One of the first things you'll need to consider is how much space you have, taking into account your kitchen's design. This will determine the size of the cooktop you'll need. If your kitchen is limited on space you're probably after a 60cm four burner/element cooktop. But if you do lots of cooking, have a larger kitchen, or just more space you're willing to sacrifice, a 90cm five or six burner/element cooktop would be the way to go.
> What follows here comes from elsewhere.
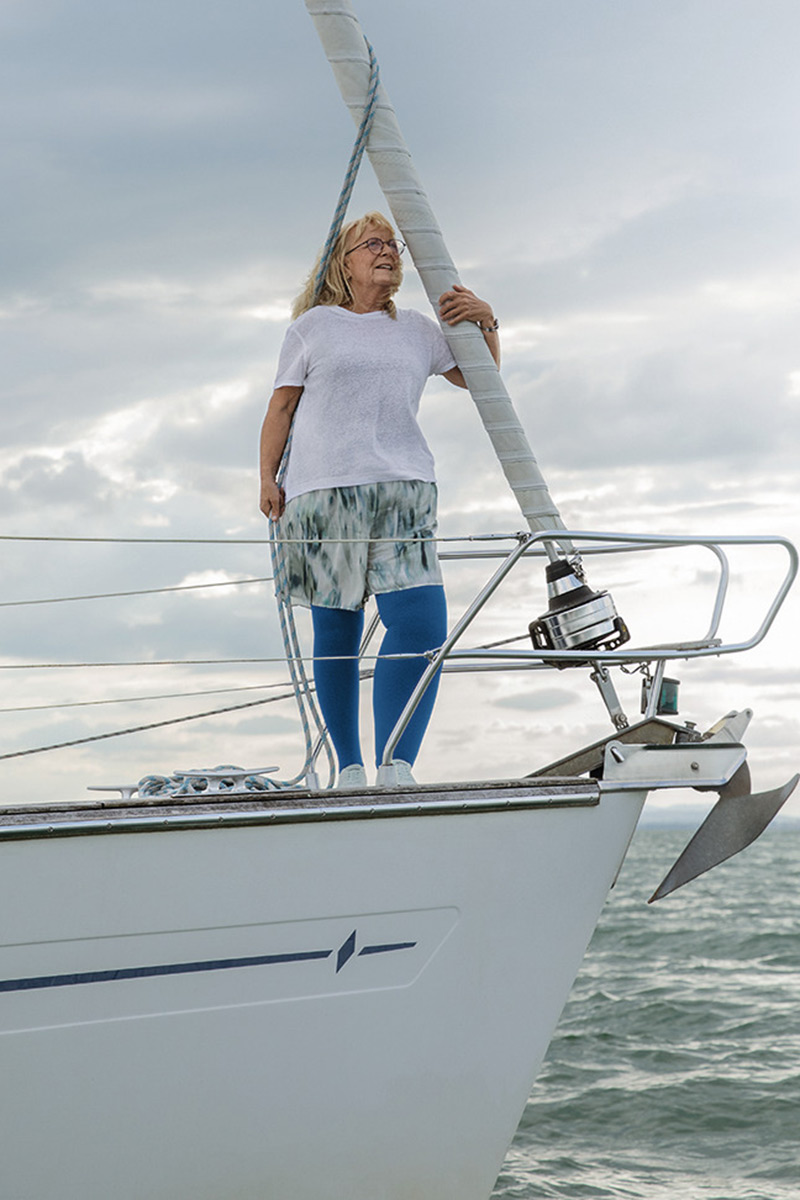 A woman is standing on a boat. She has lymphoedema in her leg and is wearing blue compression stockings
The different types of cooktops
Next step, burner options. There are three main types of cooktops to choose from. 

Gas cooktops 
If you're after instant heat control then a gas cooktop is for you.

Pros

  • Provides visual feedback when you raise and lower the flame.
  • Variety of designs and finishes, including enamel, glass and stainless steel as well as enamel or cast iron trivets.
  • If you love to cook stir-fries many come with a specially designed burner for woks.
  • Some rectangular cooktops with five or six burners have an oblong shaped burner to use with a grill or hotplate for barbecuing.

Cons

  • Cast iron trivets can be bulky and difficult to clean.
  • While they're more stylish glass and stainless steel finishes require more effort when cleaning.
  • You'll need to check that mains gas is available where you live. If it isn't and you really are set on a gas cooktop then you can use bottled LPG with many models but keep in mind this is more expensive than mains gas.

Ceramic cooktops
If you're after a sleek and stylish design then a ceramic or electric cooktop is worth considering. They're also particularly useful for cooking foods that require very low temperatures, such as melting chocolate.

Pros

  • They have a continuous surface with few to no dirt traps so they're easy to clean.

Cons

  • Not as instantly controllable as gas.
  • Slower to respond to changes in the temperature setting.
  • Spills can bake on, so you need to wipe them up quickly and there's often no lip around the edge of the cooktop to contain spills.
  • The ceramic glass holds the heat, so you'd need to take care with delicate foods and be careful once it's switched off. Many come with residual-heat warning lights that stay on until the surface reaches a safe temperature.

Induction cooktops
For extraordinary heat up and instant response to temperature changes then look no further than induction cooktops. Induction works via a magnetic field that essentially turns your cookware into the heating element. Food is cooked via the heat of the cookware, not from the cooktop itself.

Pros

  • Fastest cooking method and just as controllable as gas.
  • The cooktop doesn't get hot.

Cons

  • Generally more expensive than ceramic or gas cooktops.
  • You can only use certain types of cookware that are compatible with induction. Suitable cookware needs to have a ferrous base.
  • See our induction cookware buying guide for more information.

Best of both worlds
Still can't decide the best cooking method? Perhaps a dual fuel solution is more suited to your kitchen needs. Choose gas and electric cooking in one combined unit or combine your own modular units so you can benefit from both worlds.